### Directions
Leave out the images and transcribe the entries below word for word.

### The input
====
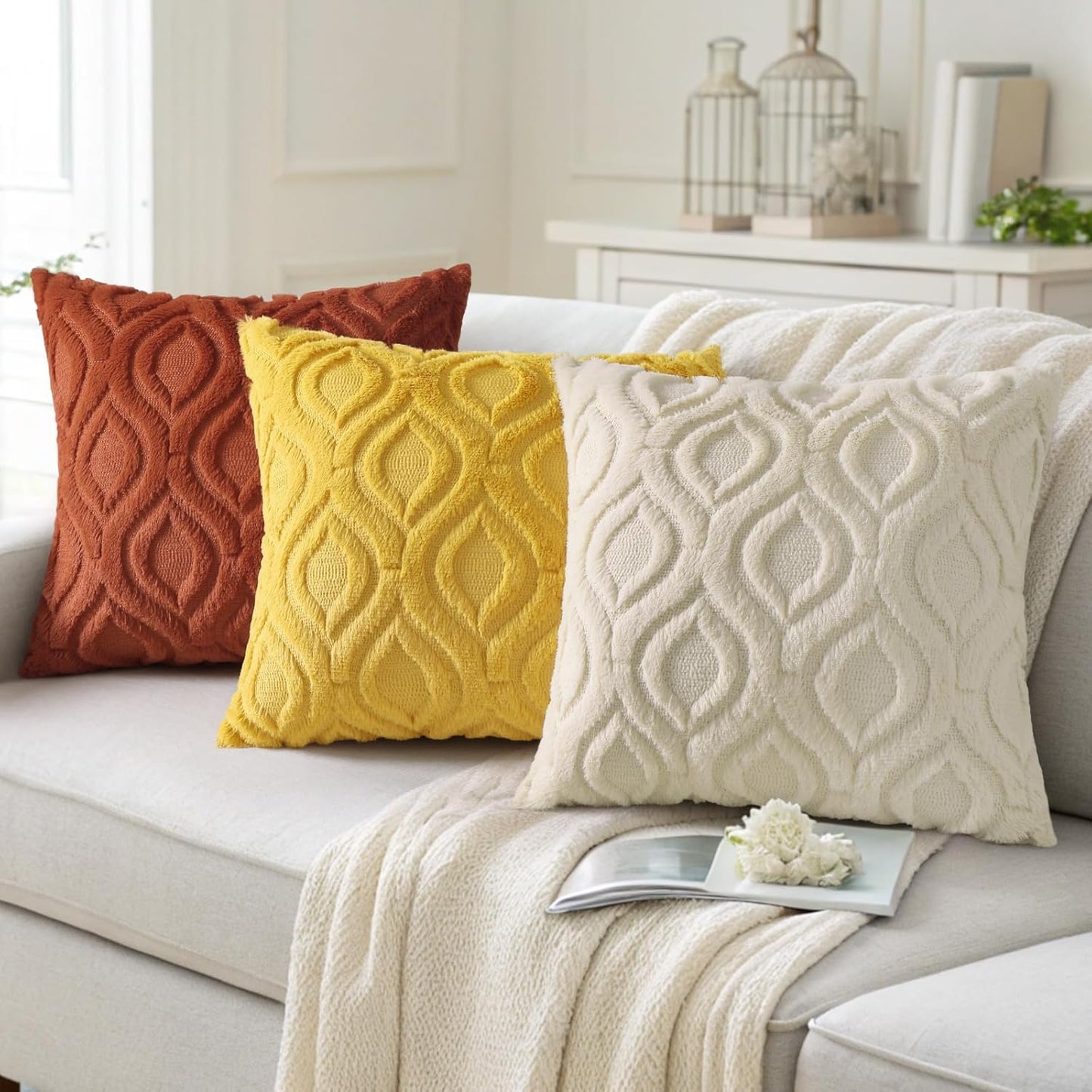 decorUhome Fall Throw Pillow Covers 12x20 Inch Set of 2, Soft Plush Decorative Faux Fur Rust Solid Couch Pillow Covers, Accent Farmhouse Neutral Lumbar Euro Pillow Cases for Sofa Bed Living Room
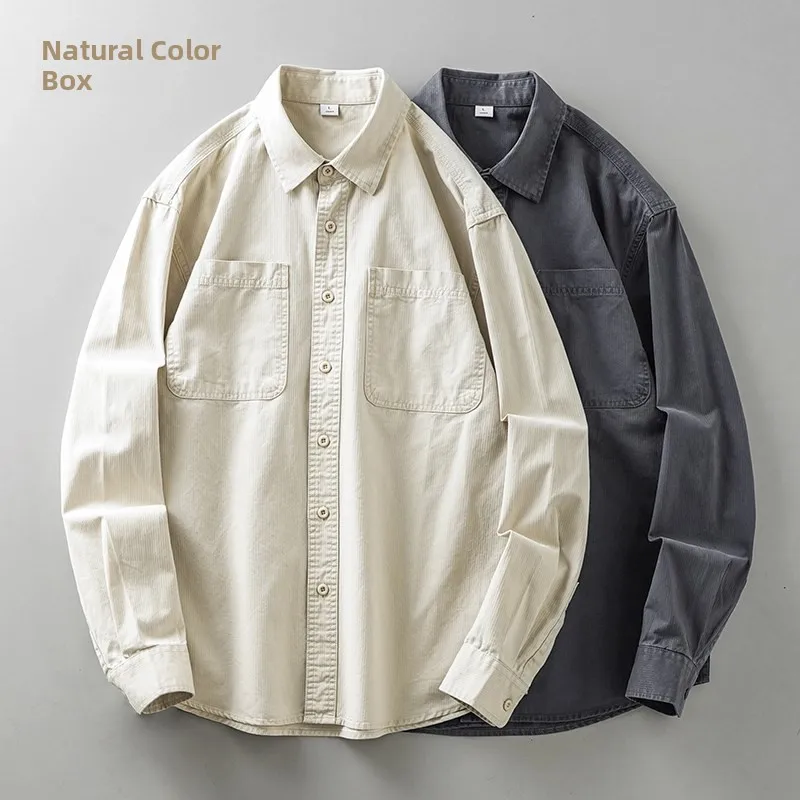 

Heavyweight Pure Cotton Long Sve Men's Casual irt Spring Autumn American Retro Sle Workwear Collared Jaet Coat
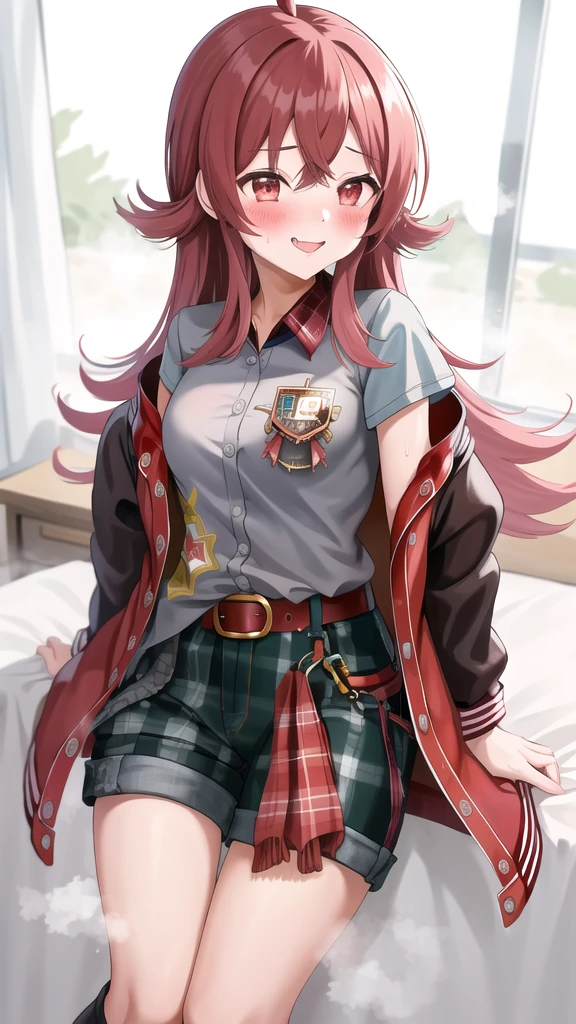 masterpiece, best quality, highres, akaho, long hair, ahoge, hair ribbon, red ribbon, letterman jacket, long sleeves, 手链, open jacket, collared shirt, grey shirt, Red belt, green shorts, plaid, black thighhighs, street, cowboy shot. :p、loafers、Long legs、Long legs、Absolute area、Micro Shorts、（Black knee socks:1.4) Grinning、Smile、is standing、Sweating:1.5), (steam:1.3), ((((blush))))),Absolute area、（black leather thigh boots）、a room、Hi-Res, 1girl in, ,},{{独奏,Boyish 1 Girl}} （High heels:1.4)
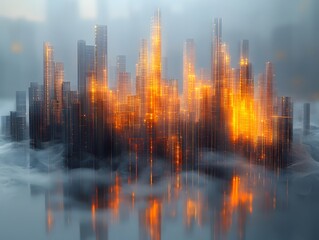 Futuristic cityscape with glowing data visualization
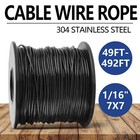 1 16  Pvc Coated Stainless Steel Wire Rope 7x7 Steel Cable For Clothesline Diy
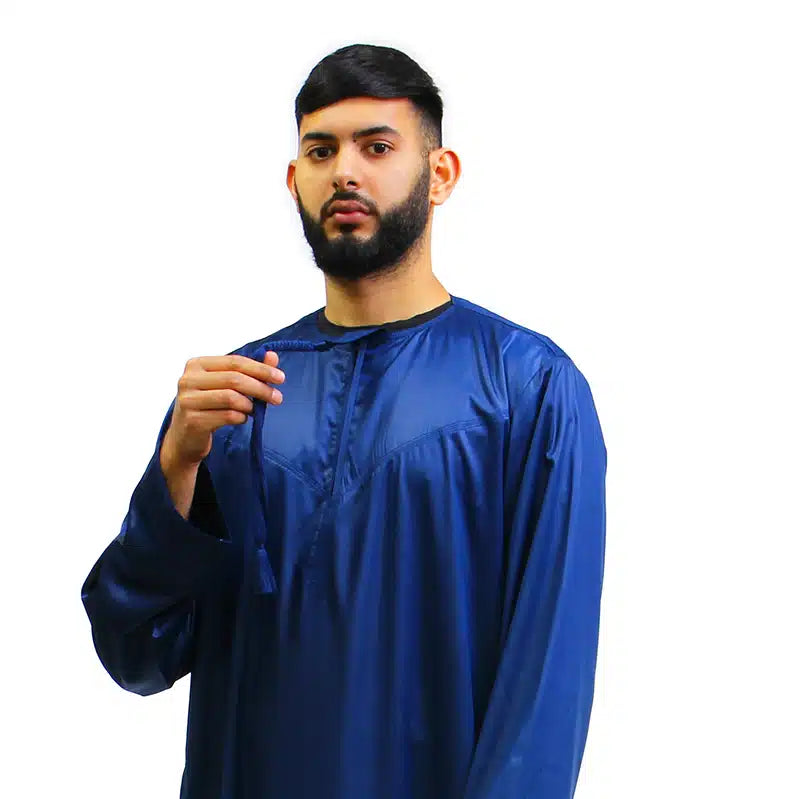 Omani Satin Tassel Navy Thobe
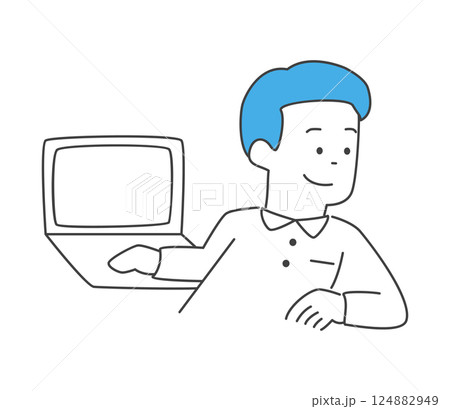 パソコンを触りながら話を聞く男性のイラスト　ベクター 124882949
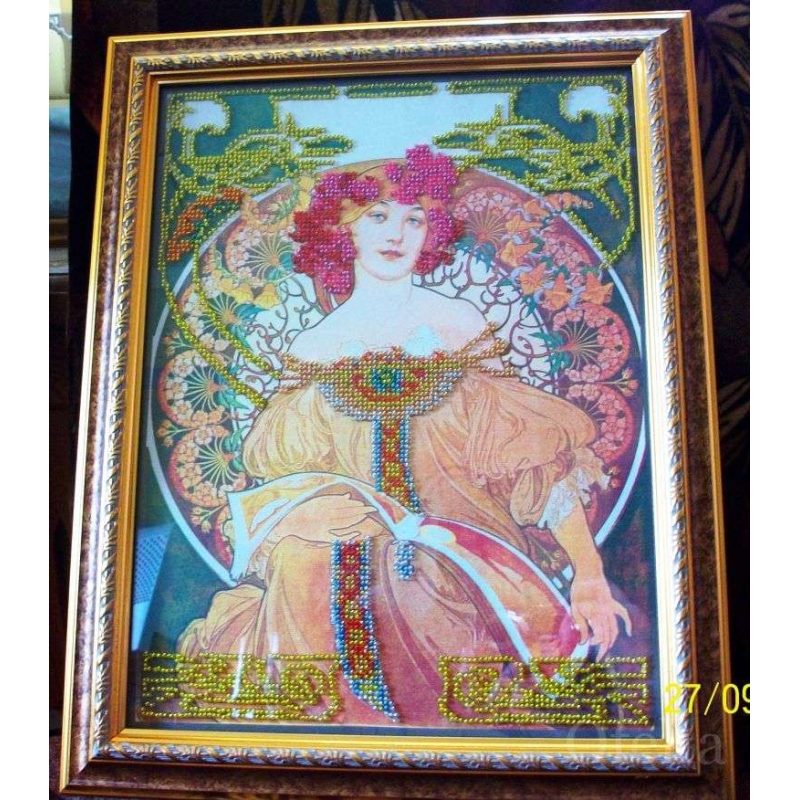 Bead Embroidery Kit on Art Canvas "Lubava"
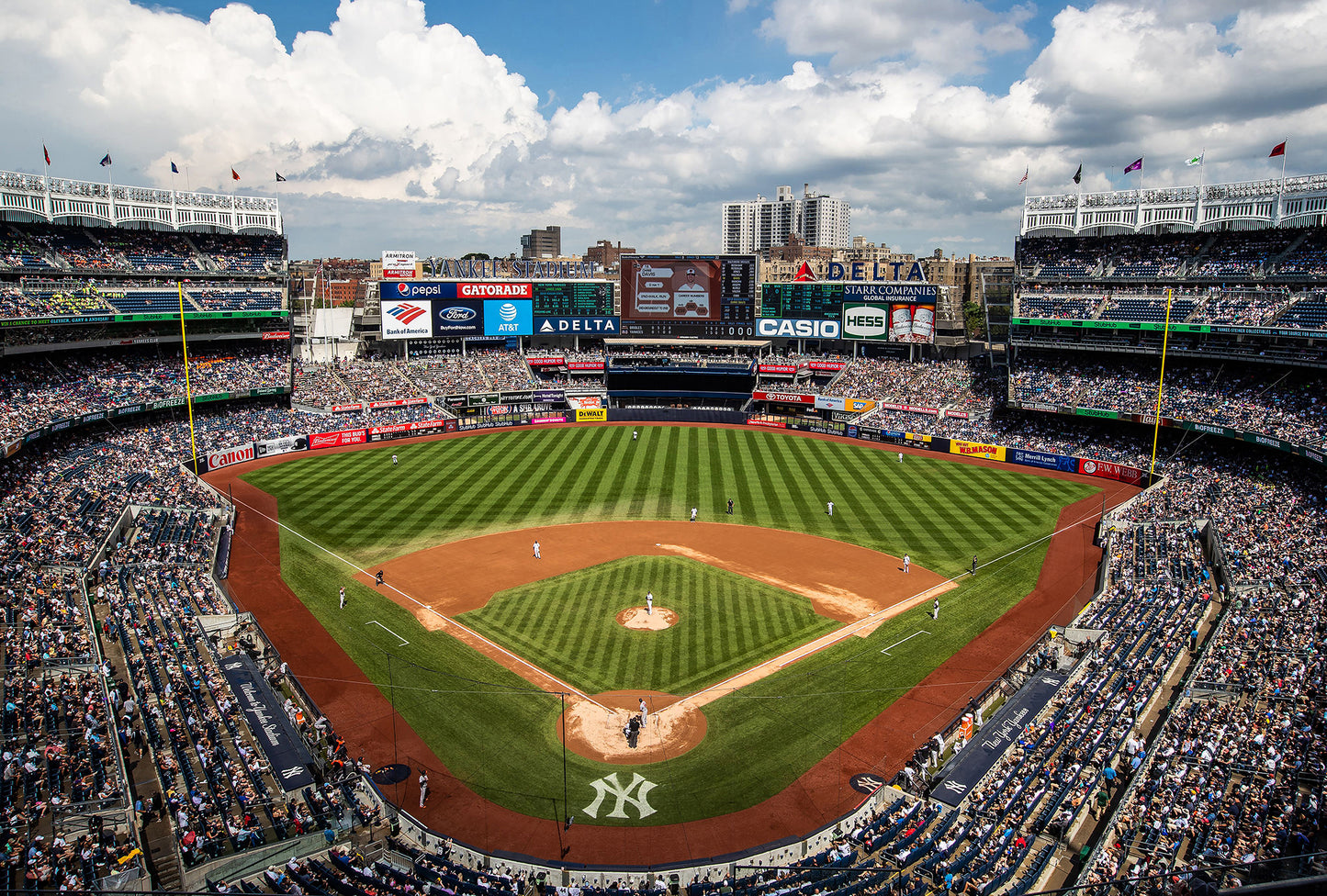 Yankee's Stadium Baseball Diamond Field Custom Designed Wallpaper
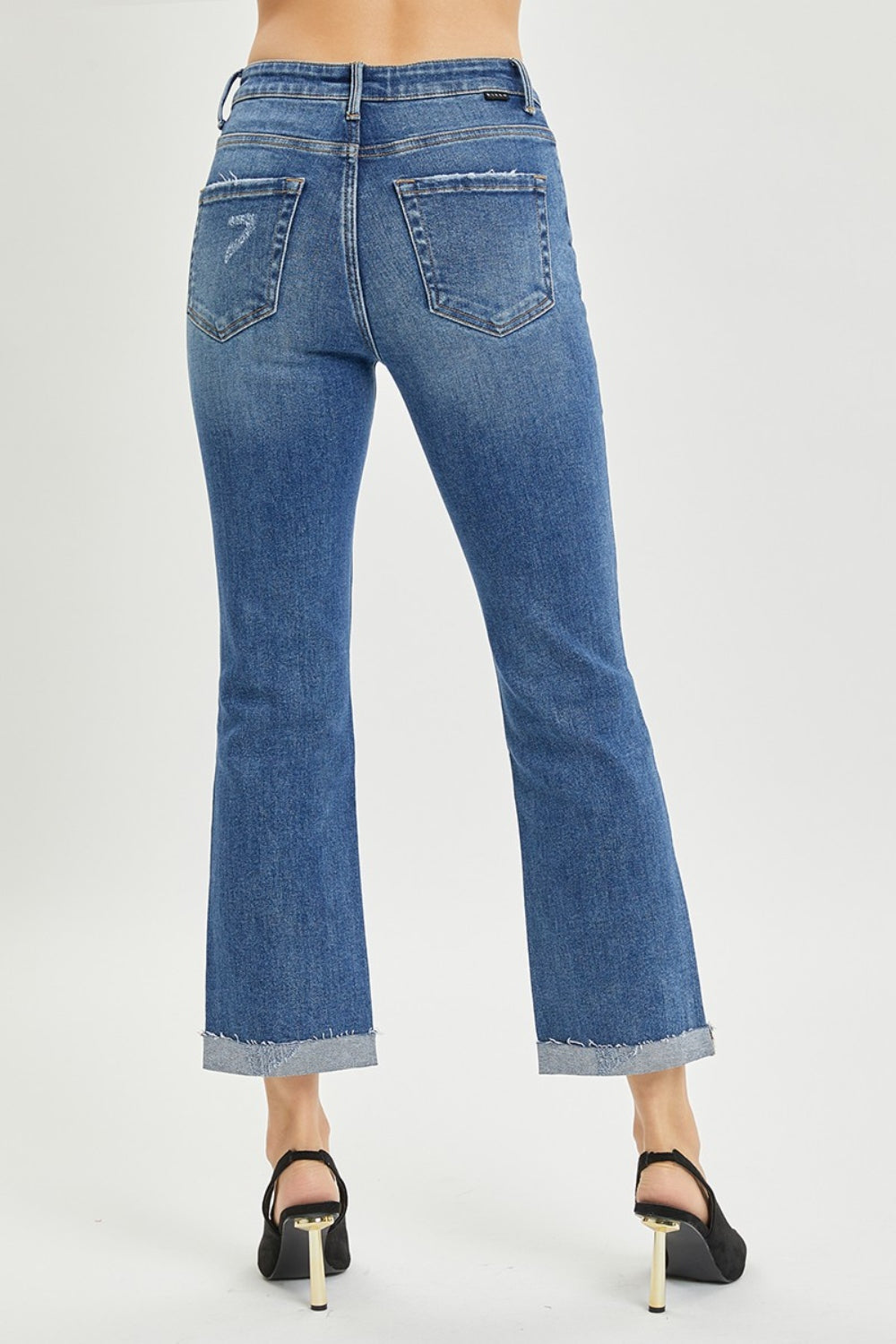 Button Fly Cropped Bootcut Jeans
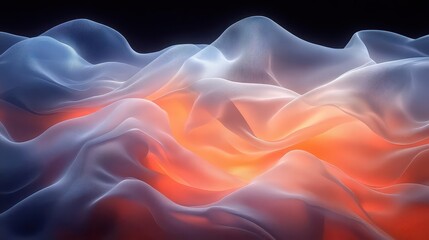 Obraz premium Abstract flowing waves with glowing colors in a surreal landscape.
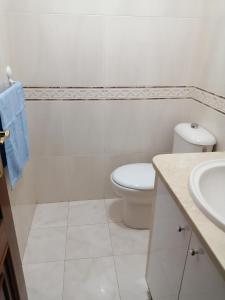ein weißes Bad mit einem WC und einem Waschbecken in der Unterkunft O PISIÑO in Cambados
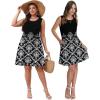 imageOFEEFAN Womens Pleated Front Tank Dresses Fashion Spring Sleeveless Pockets Sundress Casual SummerFloral 06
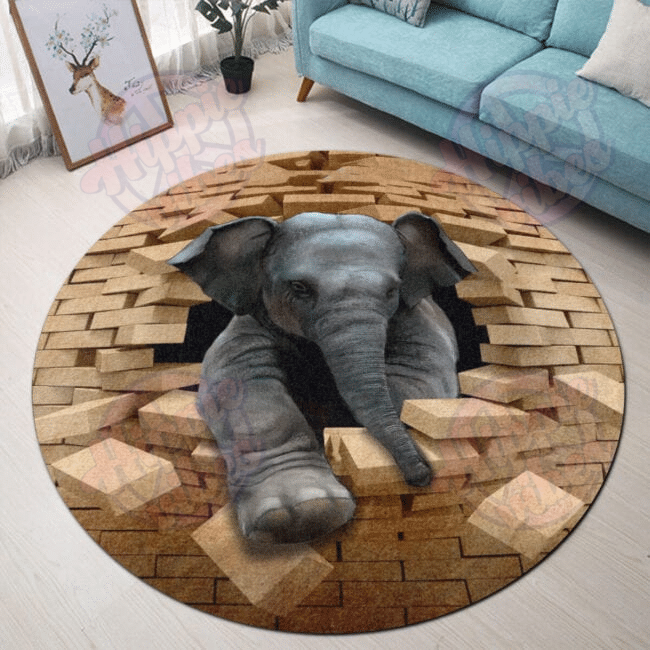 Love Elephant Premium Round Rug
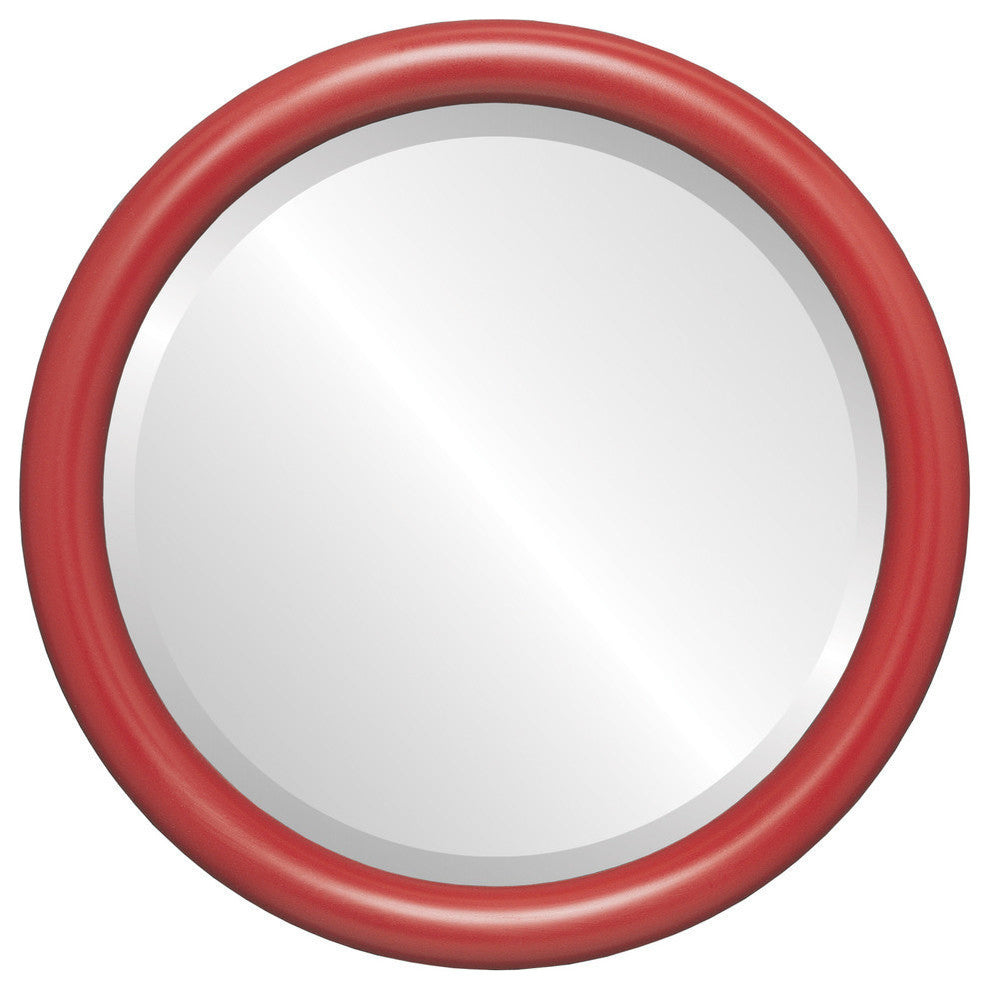 Pasadena Framed Round Mirror, Holiday Red, 25"x25"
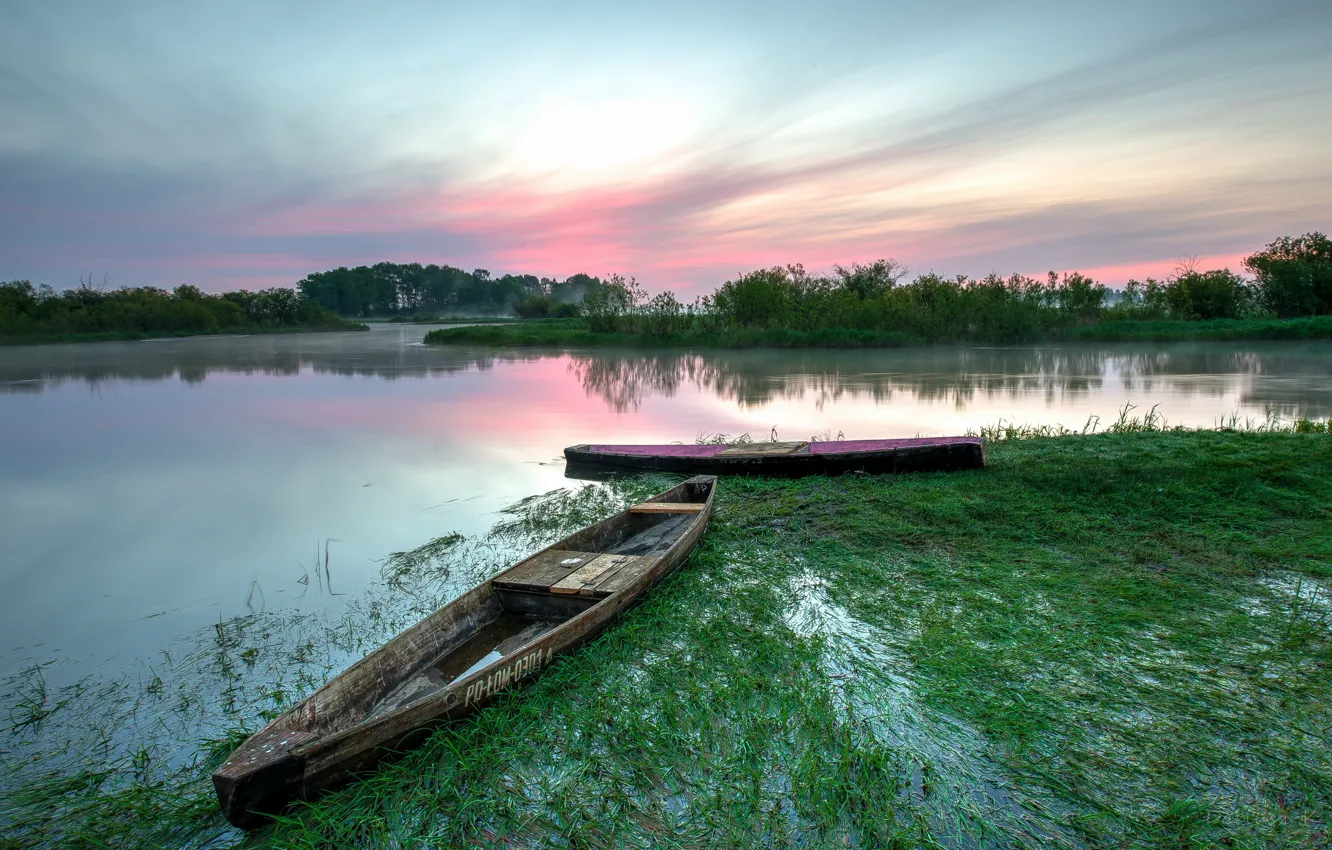 Photo wallpaper summer, lake, dawn, boats, morning, Poland, The Biebrza national Park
====
### Task answer
 decorUhome Fall Throw Pillow Covers 12x20 Inch Set of 2, Soft Plush Decorative Faux Fur Rust Solid Couch Pillow Covers, Accent Farmhouse Neutral Lumbar Euro Pillow Cases for Sofa Bed Living Room

Heavyweight Pure Cotton Long Sve Men's Casual irt Spring Autumn American Retro Sle Workwear Collared Jaet Coat
 masterpiece, best quality, highres, akaho, long hair, ahoge, hair ribbon, red ribbon, letterman jacket, long sleeves, 手链, open jacket, collared shirt, grey shirt, Red belt, green shorts, plaid, black thighhighs, street, cowboy shot. :p、loafers、Long legs、Long legs、Absolute area、Micro Shorts、（Black knee socks:1.4) Grinning、Smile、is standing、Sweating:1.5), (steam:1.3), ((((blush))))),Absolute area、（black leather thigh boots）、a room、Hi-Res, 1girl in, ,},{{独奏,Boyish 1 Girl}} （High heels:1.4)
 Futuristic cityscape with glowing data visualization
 1 16  Pvc Coated Stainless Steel Wire Rope 7x7 Steel Cable For Clothesline Diy
 Omani Satin Tassel Navy Thobe
 パソコンを触りながら話を聞く男性のイラスト　ベクター 124882949
 Bead Embroidery Kit on Art Canvas "Lubava"
 Yankee's Stadium Baseball Diamond Field Custom Designed Wallpaper
 Button Fly Cropped Bootcut Jeans
 Obraz premium Abstract flowing waves with glowing colors in a surreal landscape.
ein weißes Bad mit einem WC und einem Waschbecken in der Unterkunft O PISIÑO in Cambados
 imageOFEEFAN Womens Pleated Front Tank Dresses Fashion Spring Sleeveless Pockets Sundress Casual SummerFloral 06
 Love Elephant Premium Round Rug
 Pasadena Framed Round Mirror, Holiday Red, 25"x25"
 Photo wallpaper summer, lake, dawn, boats, morning, Poland, The Biebrza national Park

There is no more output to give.